COLEMAN A. YOUNG (1918 - 1997)

EDITORIAL:
A New Beginning

by Ron Williams
originally published 6/30/93 in the Metro Times

An era had already ended. Coleman Young's announcement that he will not run for another term as mayor of Detroit was only the inevitable coda to the painful, often tortured transition this great American city has experienced while coming to terms with majority rule and devastating economic turmoil.

Young's is a remarkable story of an activist whose courageous struggles for social change coincided with the enfranchisement of African Americans and the ascent of black political power in cities across the nation. His will inevitably be a legacy of both great accomplishment and bitter failure.

Coleman Young has been right about a lot of things. Detroit's social problems are not unique to this city. There is hostility and, yes, racism within the suburban communities that surround it. The federal government has engaged in a systematic campaign, both in Detroit and in other areas around the country, to challenge and undermine black political leadership, including his own.

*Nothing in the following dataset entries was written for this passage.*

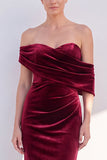 Off The Shoulder Velvet Mermaid Burgundy Long Formal Dress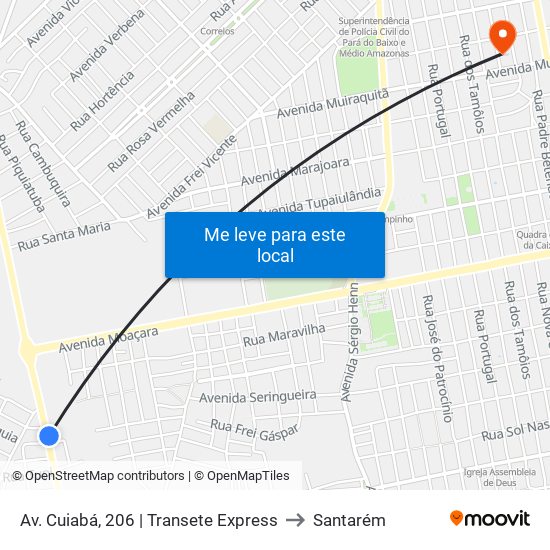 Av. Cuiabá, 206 | Transete Express to Santarém map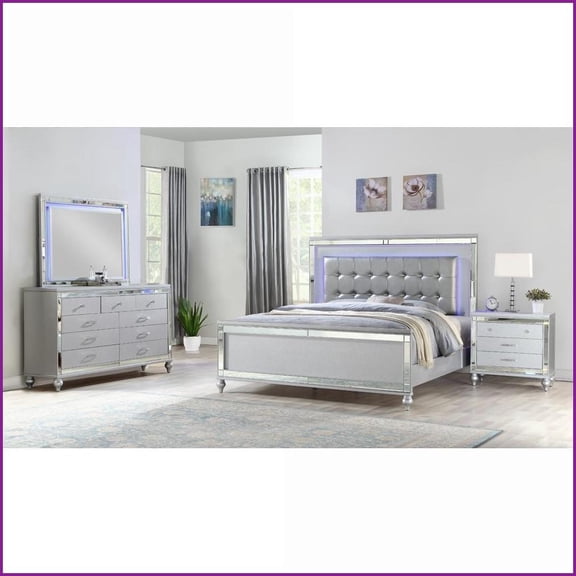 Bedroom Furniture Set Queen 4PC Silver Wood with LED Lights Crystal Tufted Headboard | Wood | Double Dressers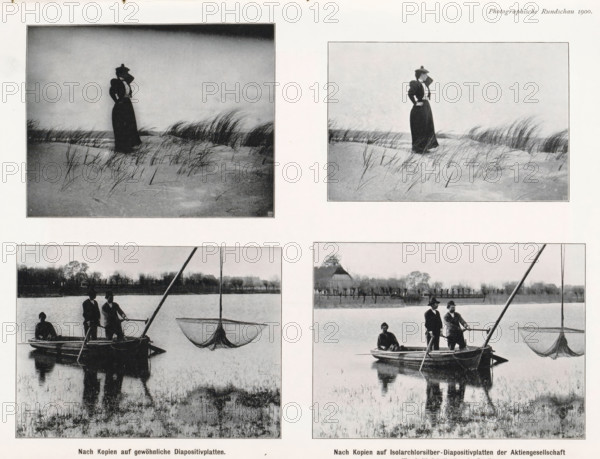 Two variations of two photos, one of an unknown woman in the dunes and one of unknown men on a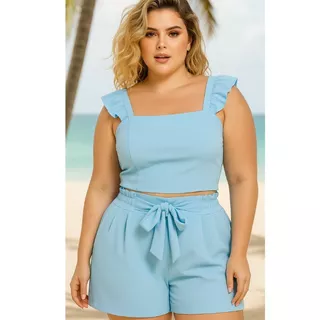 “Conjunto Feminino Plus Size Cropped e Short com Amarração – Moda Verão Elegante e Confortável”
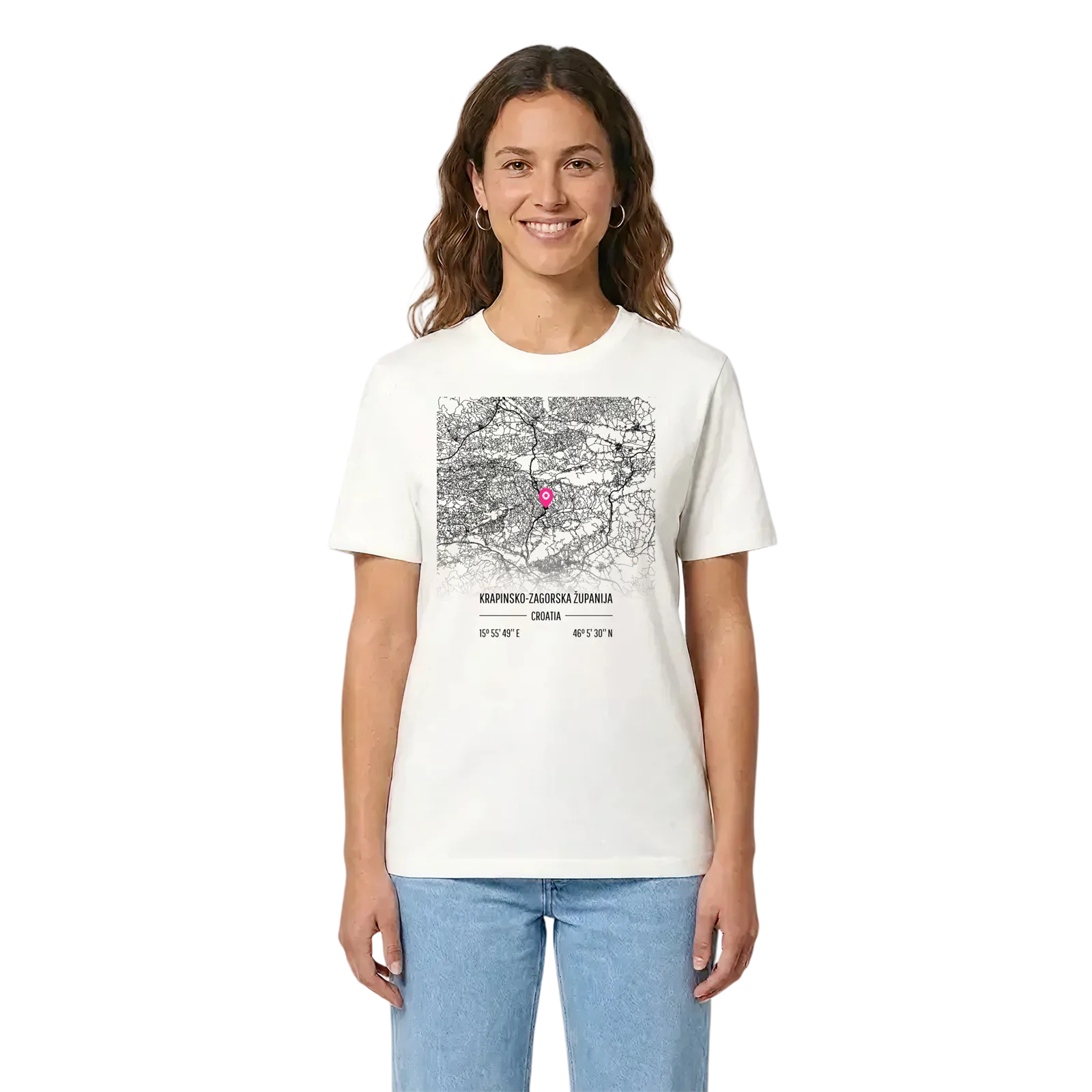 Krapinsko-zagorska županija karta t-shirt – White, i miljö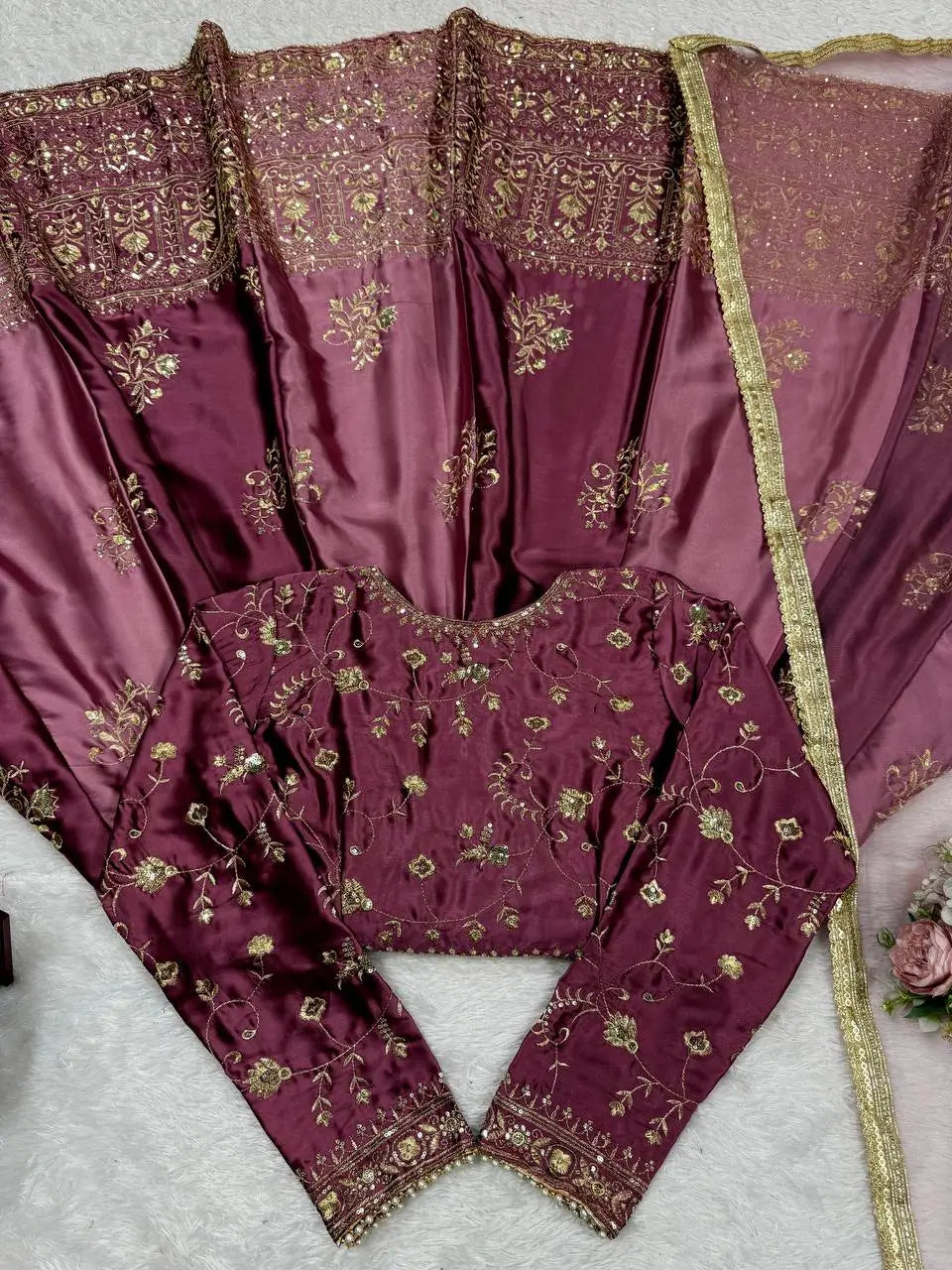 Japan Satin Embroidered Anarkali Set with Dupatta – Thread & Sequins Work
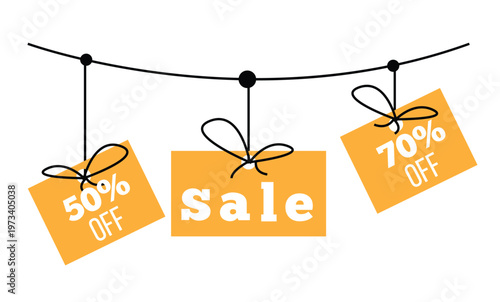 Sale Banners with Discount on Line Art Rope. Retail sale industry and shopping promotion vector art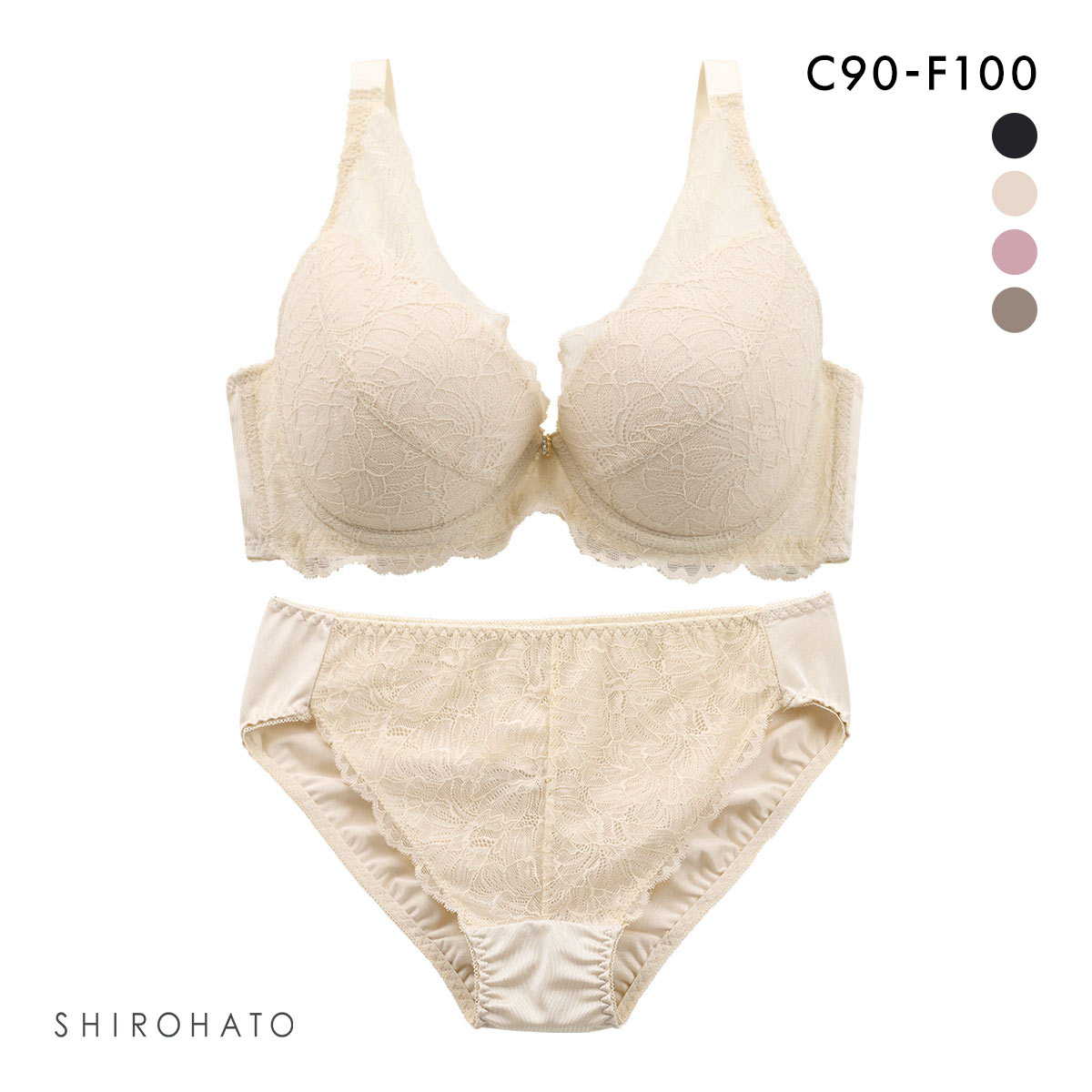 ソニアクラブ SONIA CLUB レース ブラジャー ショーツ セット CDEF アンダー大きいサイズ(BE-ベージュ-C90-3L)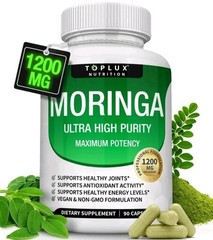 Toplux Nutrition Moringa 1200mg 90 Capsules Vegan Non-GMO Gluten-Free
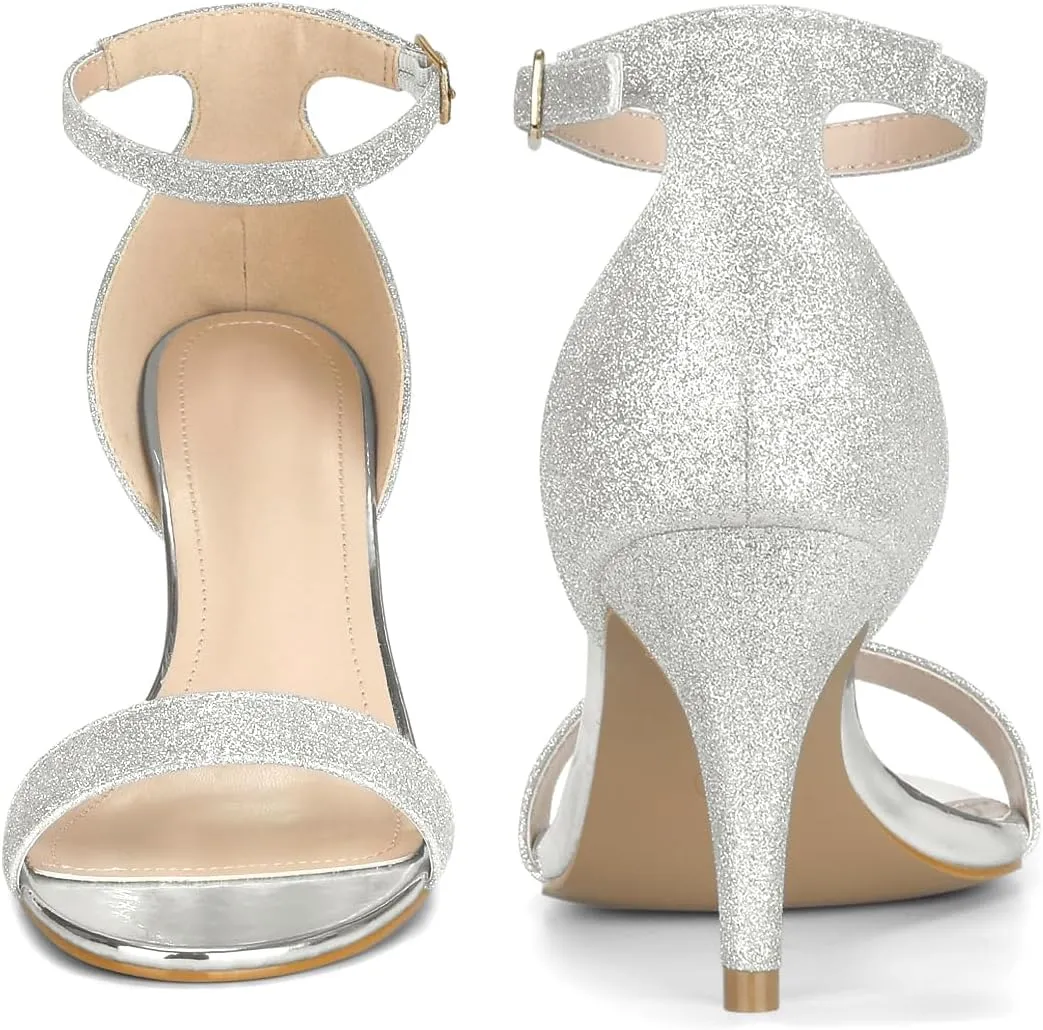 Perphy Glitter Ankle Strap Stiletto Heeled Sandals for Women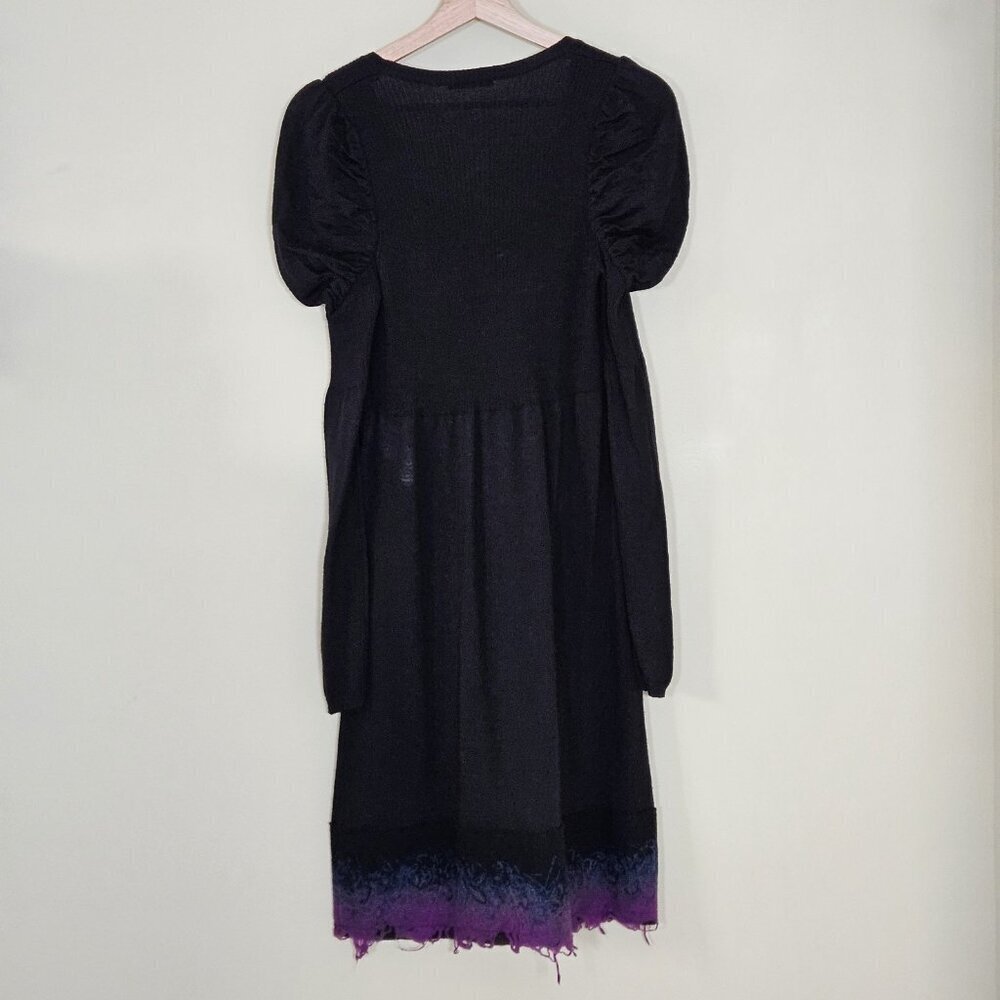Sisley Sweater Dress Women S Black Long Puff Sleeves Boho Knit Alpaca Wool Blend - Picture 2 of 16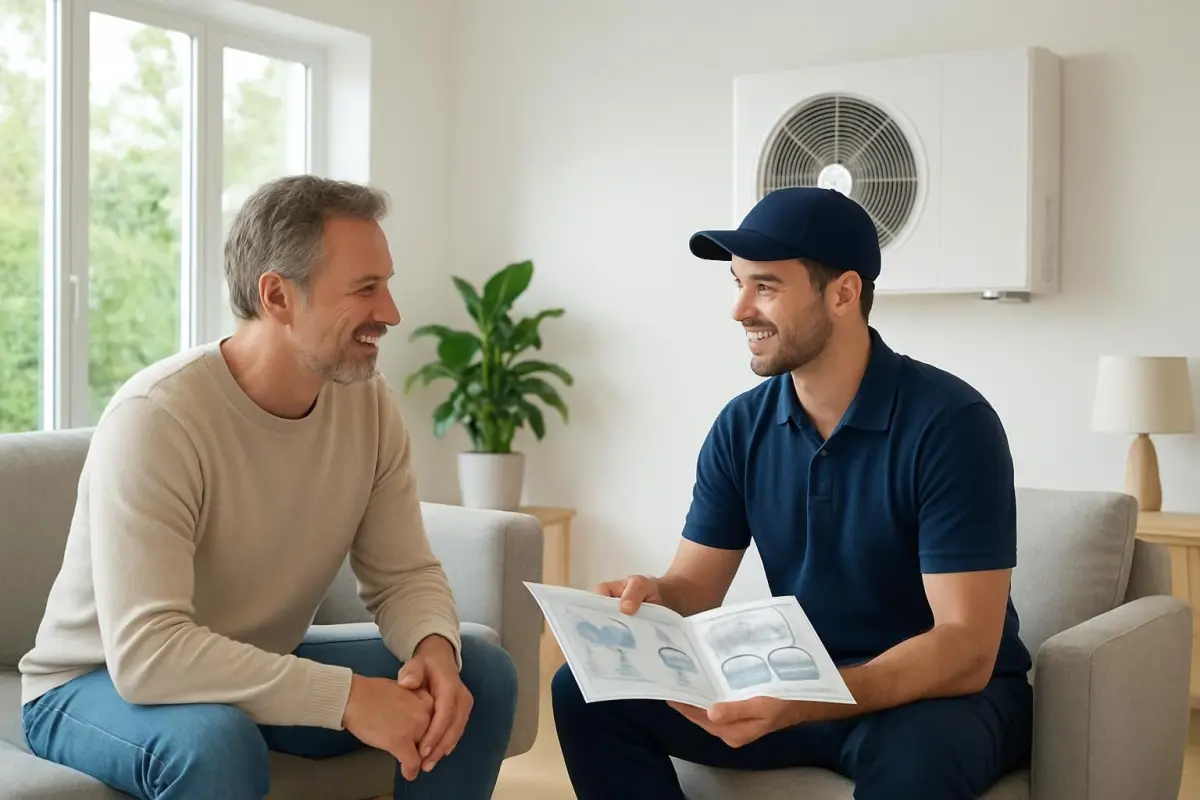 Tevreden huiseigenaar bespreekt opties met installateur.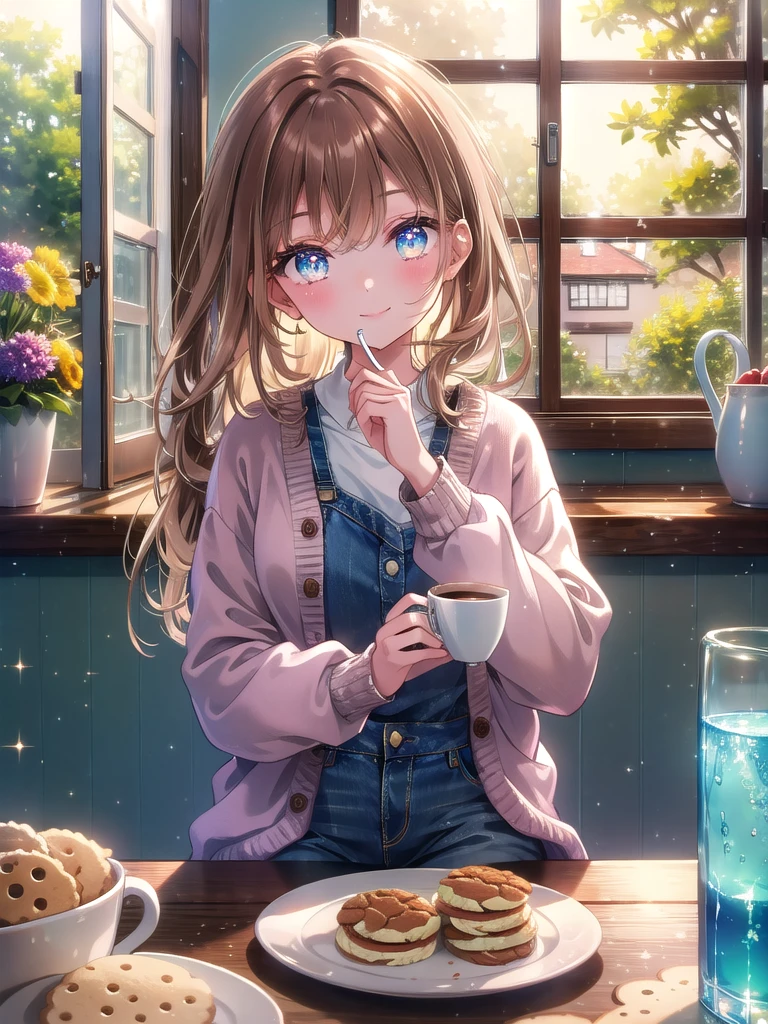 ((8k, Highest quality, masterpiece: 1.3)),Ultra-high resolution,(1 girl, alone), (Color changing eyes, Ultra-detailed, Expressive brilliance, Glitter, Glowing Eyes), Highly detailed eyes, Highly detailed face, Random Hair, ((pastel colour))The woman, with long, straight brown hair, sits at the kitchen table, enjoying a cup of coffee. She’s dressed in a light cardigan and jeans, her expression relaxed and content as she looks out the window. Her eyes occasionally glance at the camera with a serene smile, sharing the calm moment. The kitchen is filled with natural light, and the table is set with a small plate of cookies and a vase of fresh flowers, adding to the tranquil atmosphere.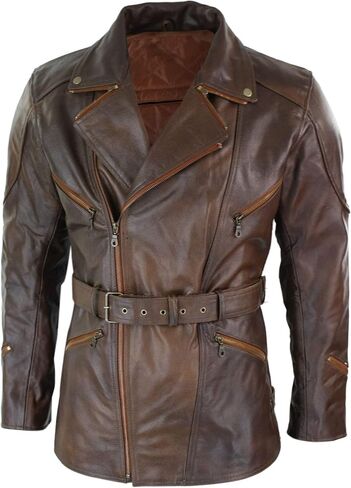Mens 3/4 Quarter Length Motorcycle Black Biker Long Jacket - Genuine Leather Coat Winter Outerwear in Saudi Arabia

Unfortunately, Young too often failed to correctly respond to these realities. His administration placed too high a value on federal money and programs, in the process overlooking real solutions which lay in grassroots leadership and action. Instead of launching, with his legendary skills of charm and persuasion, a determined bridge-building campaign in the suburbs, he lashed back in kind, cynically choosing to manipulate the issue of race for short-term political gain. In response to federal investigations, often cheered on by the Detroit News and other local media, Young inexplicably defended those guilty of betraying the public trust and proceeded to rule over a closed administration whose watchwords were secrecy and paranoia.

Young's singular, most significant contribution to the city of Detroit's future may prove to be his understanding that education and jobs are the only meaningful and effective answers to crime, drugs and urban decay. Ironically, it may be here that history may judge Young most harshly. Over 20 years and the expense of hundreds of millions of public dollars, the mayor has unsuccessfully attempted to reconstruct the economic base of the city's industrial heyday. The big-ticket item has been the mayor's main redevelopment tool. Embracing his own peculiar kind of trickle-down strategy for the neighborhoods, projects such as the Detroit incinerator, the GM Poletown plant and the Chrysler Jefferson Avenue Assembly plant sit at the center of Young's economic development strategy.

The Young administration has suffered from a failure of vision. It has based its economic strategies on the past rather than the future. It has bestowed tax breaks and public money on some of the largest corporations in the world when it is clear that entrepreneurs and small businesses will be the engines of future job creation and economic growth. It has invested in the declining behemoths of the industrial revolution when it is clear that the information revolution, driven by the silicon chip, will increasingly dominate our economy.

Coleman Young has been a tough and uncompromising leader, a committed advocate for the people who elected him five times. His life is a record of extraordinary public service, and this community is justifiably proud of his many achievements. His decision not to stand for reelection was, nonetheless, in the best interests of Detroit.

The importance of the coming campaign can hardly be overstated. The candidates should challenge the voters with issues and specific plans which speak to the future, not the past. What is needed is an opening up of the governing process, a process of healing and inclusion. Let this be a time of serious reflection and a new beginning.


At the time, Ron Williams was the editor of the Metro Times.